Un étrange foisonnement créatif et vital parcourt les pages de Personne. Ça tire dans tous les sens; trois narrations se relaient. Personne, Tima, l’autrice, peut-être, ou sinon la narratrice.
Linda Lê (1963-2022) aimait les mots qu'elle définissait dans ce livre datant de 2003 comme « de fragiles danseuses qui dansent jusqu’à ce qu’elles s’écroulent de fatigue; une épée en forme de croix qu’on découvre un matin derrière sa tête, fichée en cuir et chair; des tortues des îles enchantées, qui rampent vers la mer sous la menace de sombres rapaces. » (42-43)
... Revenu d’une longue nuit avec le sentiment, non d’être vivant, mais jamais né. Là, le lecteur se surprend à le prendre très personnellement...
Une langue sculptée en épargne. Au couteau. À vif. Pointue. Aucune graisse. Monique Tomson a eu raison de m'en recommander la lecture: un grand livre.
« Nous étions venus là comme on visite un pays hanté par des nostalgies. »
Une densité imparable née d’une vision claire, issue de l’âme divisée. Les deux réalités (Personne et Tima) croisent l’autrice/narratrice. Tous trois ont voix au chapitre, sont des voix chapitrées, alternées. Leurs vécus se répondent, se répandent, laissent échapper des traînées, des coulures. Vous ne pourrez y échapper, en tant que lecteur/lectrice. Sans compter cette tête sectionnée ayant appartenu à Holopherne, qui cause et cause...
« Prague est la ville où l’on donne rendez-vous à l’illogique. Deux êtres se retrouvent sur le pont Charles. Ils ne se cherchent pas, sont tous deux en train de chercher quelque chose qu’ils ont perdu. Ils ne trouvent pas ce dont ils portent le deuil, mais ils se retrouvent face à face. » 80
L’arborescence inventive de ce roman fait de récits croisés tient toute entière dans cette imagination au scalpel.
Un roman de points de vue qui ouvre des perspectives tour à tour inquiétantes et novatrices sur les replis des âmes que rien ni Personne n’épargne ni n’égare. Le roman tire juste.
Il tressaille d’un aparté à l’autre, en suivant Personne – un comble ! – et en déchiffrant avec l’autrice la prose assujettie de Tima, sauvée du tréfonds d’un ordinateur en mésusage. Les trois narrateurs tiennent chacun un fil dont l’entrecroisement avec les deux formes fait trame romanesque qui se resserre à mesure de son déroulement dans cette atmosphère hypnotique qui est la marque définitive des trames narratives de Linda Lê.
Vers la fin, un sentiment s’installe: la tresseuse est une maîtrise.
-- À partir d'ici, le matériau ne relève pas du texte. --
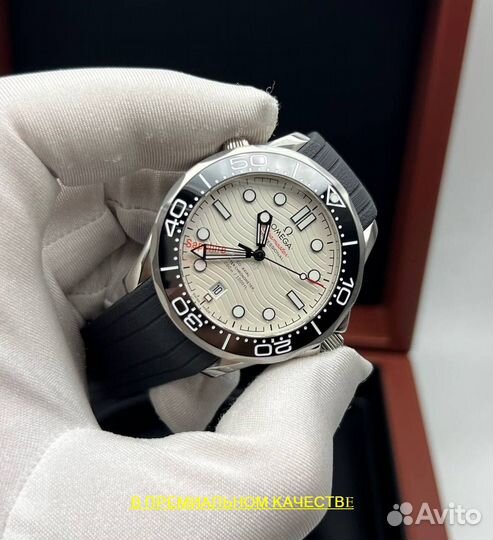 Брутальные механические мужские часы Omega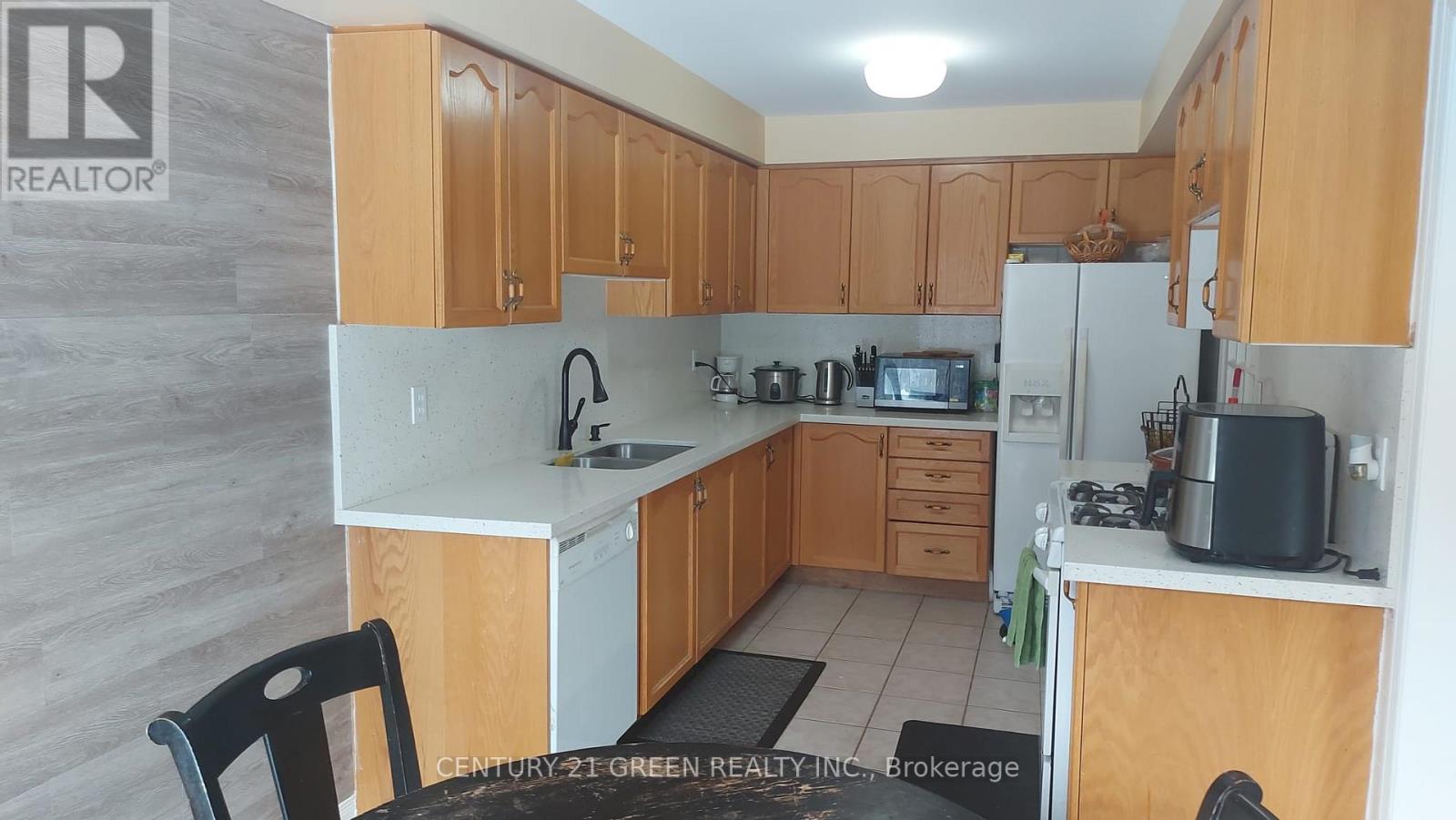 Upper - 33 Bramfield Street, Brampton (Fletcher's Meadow), Ontario  L7A 2W1 - Photo 8 - W12800156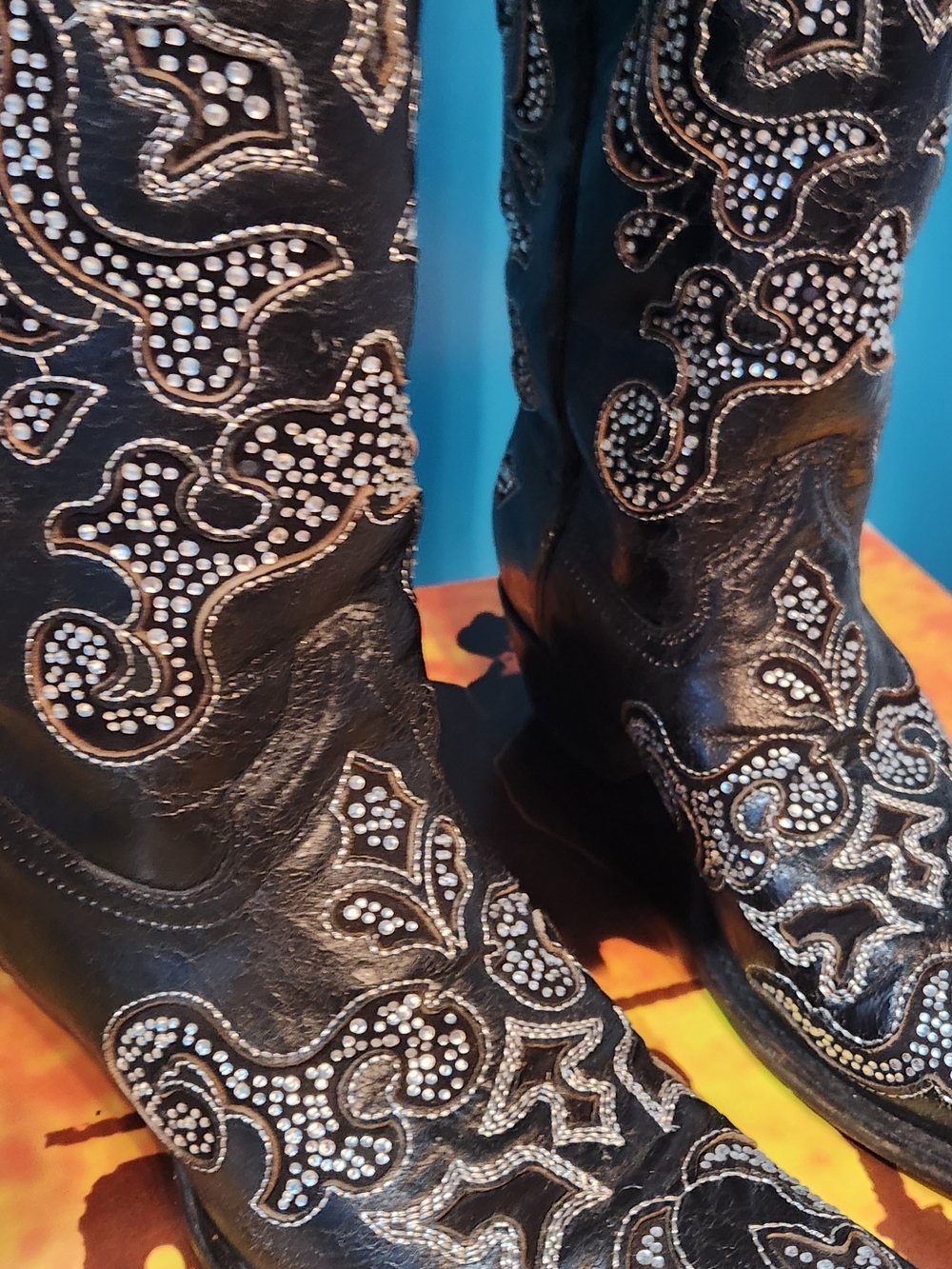 Like New🔥 Only Worn Few Times Women’s Black Western Boots with Inlay & Crystals - Picture 8 of 10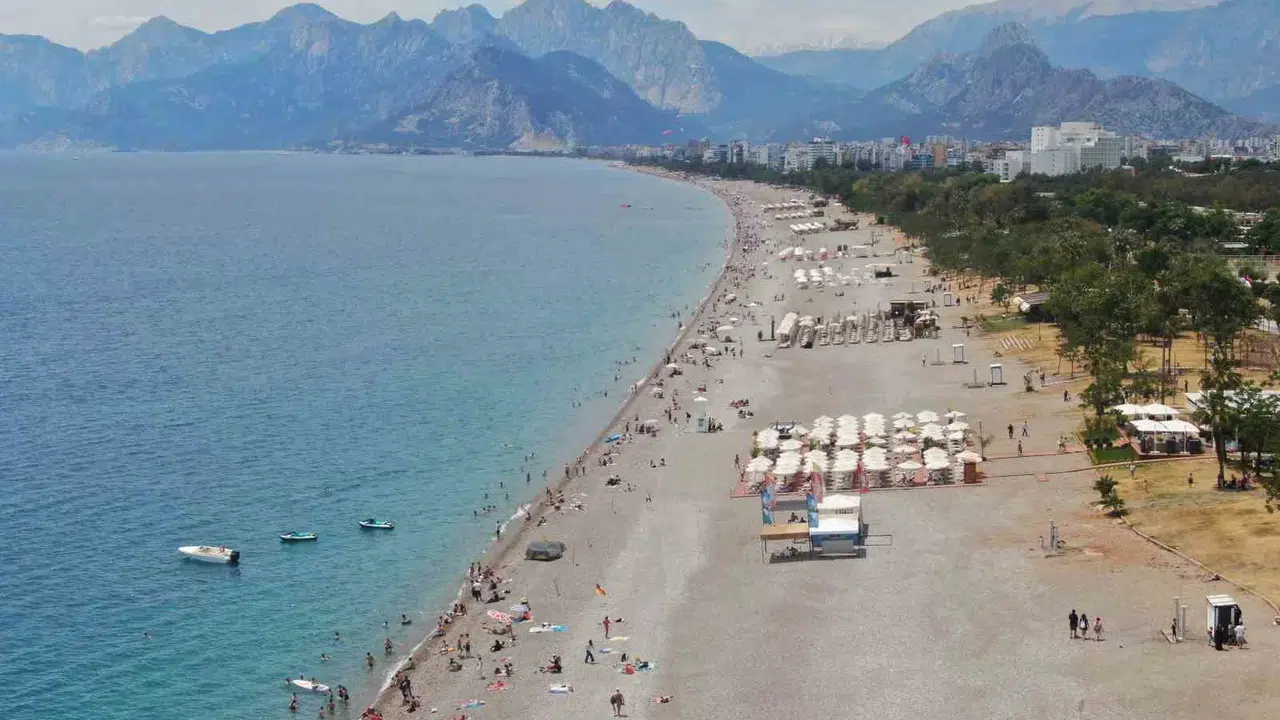 Antalya'da 19 Mayıs Coşkusu: Konyaaltı Sahili'nde Bayram Şöleni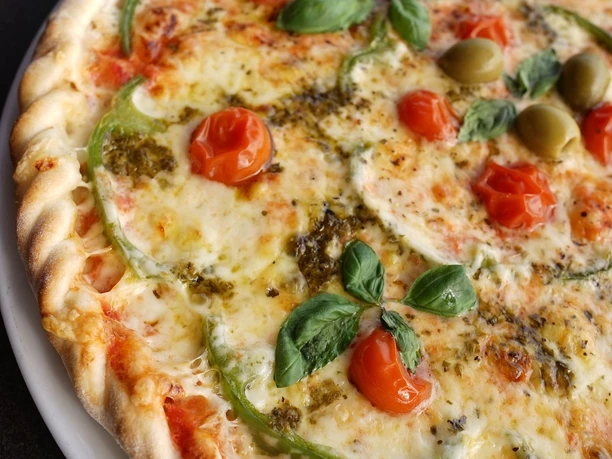 Pizzeria Netz Pizza.jpg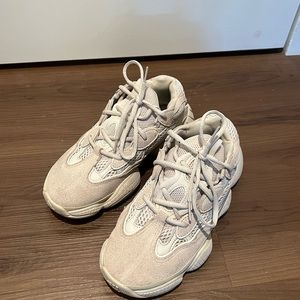 Yeezy 500 blush
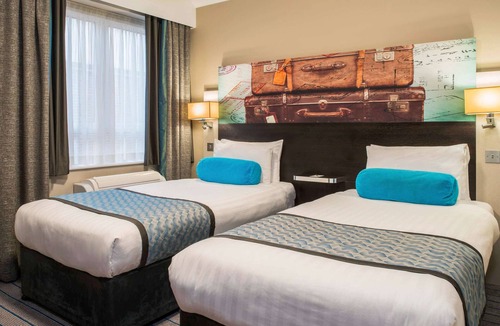 Pinkwell Hotel | Mercure London Heathrow Hotel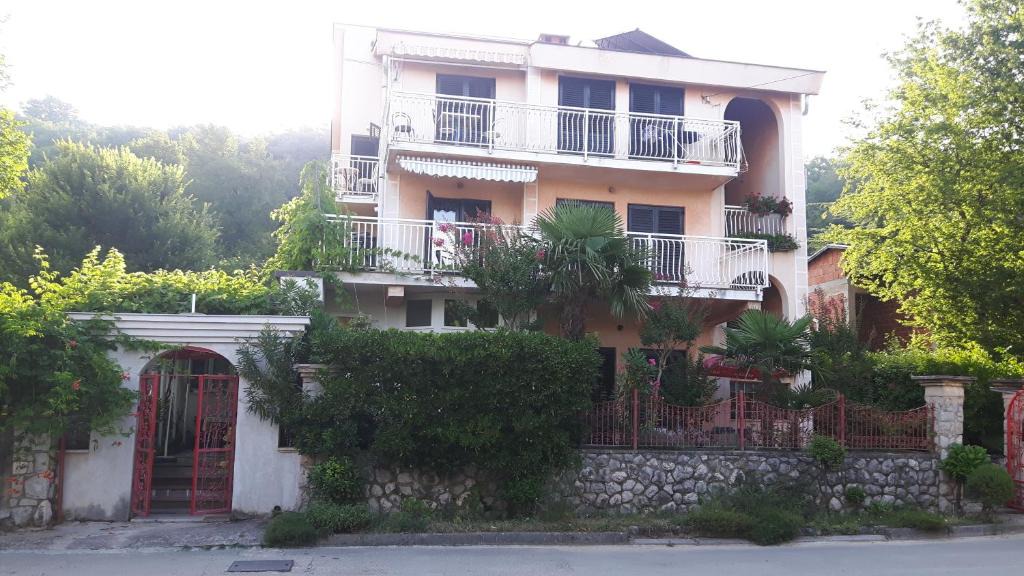 Omisalj Apartment | Villa Maja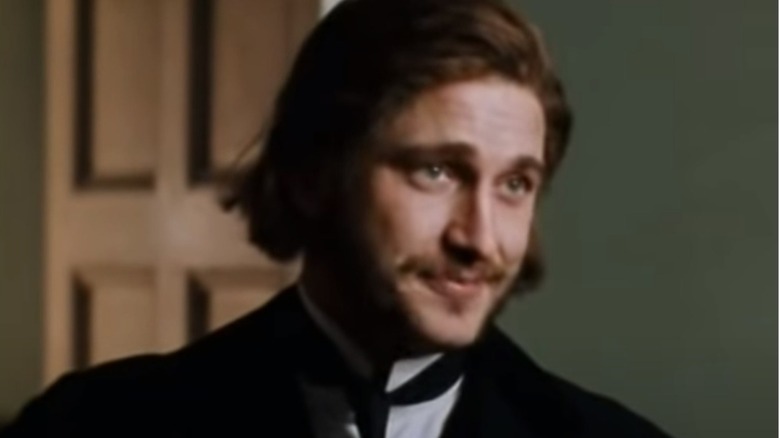 Gerard Butler in Mrs Brown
Au final, la certitude d’avoir attendu 11 ans après sa sortie pour lire le meilleur roman lu de Linda Lê.
Puis-je vous inviter à ne pas (trop) attendre plus avant de sortir cette autrice des limbes dans lesquelles elle semble tombée depuis sa mort récente à l'âge de 59 ans ? Ce style d'écriture mérite de rejoindre l'universel, l'intemporel. Ni plus ni moins.